Ia juga mengatakan, peristiwa Bom Bali 1 dan 2 membuat renggang hubungan dengan non-muslim dan berdampak ke LAZ DSM Bali. “Kedua peristiwa justru menjadi tantangan tersendiri buat kami untuk membuat terobosa berbagai program yang bisa diterima semua pihak,”paparnya.

Direktur Utama Yayasan Dana Sosial al Falah (YDSF) Jauhari Sani mengatakan, lembaga ini bermula dari kebiayaan Ketua Yayasan Masjid Al Falah almarhum H Abdul Karim berkeliling kota Surabaya setelah Salat Subuh hanya untuk mencari masjid atau musholla yang layak untuk dibantu.

“Kebiasaan Pak Abdul Karim yang seperti ini memunculkan gagasan untuk mewadahinya dalam sebuah lembaga yang layak untuk dikelola dan dikembangkan. Setelah melakukan proses bermusyawarah yang cukup panjang, Pak Abdul Karim dan sejumlah tokoh pendiri Yayasan Dana Sosial Al Falah lainnya mendirikan Yayasan Dana Sosial Al Falah pada tanggal 1 Maret 1987 yang diketuai oleh H. Abdul Karim dan Ir. H. Abdul Kadir Baraja sebagai wakil ketuanya,” tegasnya.

YDSF ini harus membantu lembaga lain tidak seperti pemadam kebakaran tetapi menggunakan data dan konsep yang matang. “YDSF tidak boleh di bawah Masjid Al Falah. Operasional atau eksekutifnya dari kalangan remaja masjid,” ungkapnya.

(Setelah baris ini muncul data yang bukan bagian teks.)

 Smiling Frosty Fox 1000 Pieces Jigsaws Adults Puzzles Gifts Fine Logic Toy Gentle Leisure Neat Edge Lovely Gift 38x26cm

Kata Jauhari, YDSF bekerjasama dengan BSI Maslahat menyelenggarakan program pemberdayaan UMKM. Program ini bertujuan untuk memberdayakan UMKM agar lebih siap menghadapi era digitalisasi. “Program ini dapat membantu para pelaku UMKM untuk meningkatkan kapasitas dan daya saingnya. Sehingga mereka dapat bertransformasi dari mustahik menjadi muzakki,” ujar Jauhari.

Selain itu, YDSF mengembangkan wakaf produktif dengan menanam jagung dengan memanfaatkan lahan kosong yang selama ini tidak terpakai milik PT Perkebunan Nusantara XII di Dusun Batu Ampar, Kecamatan Silo, Kabupaten Jember, Jawa Timur. Program itu terlaksana karena adanya sinergi beberapa pihak, seperti PT Benih Citra Asia sebagai pembeli, PTPN XII, dan warga desa setempat.

Menurutnya, jagung yang dibudidayakan petani di Batu Ampar merupakan jenis pembibitan dan harganya pun tidak mengikuti harga pasar. Kesepakatan harga telah ditentukan saat kontrak awal sebelum tanam dilakukan.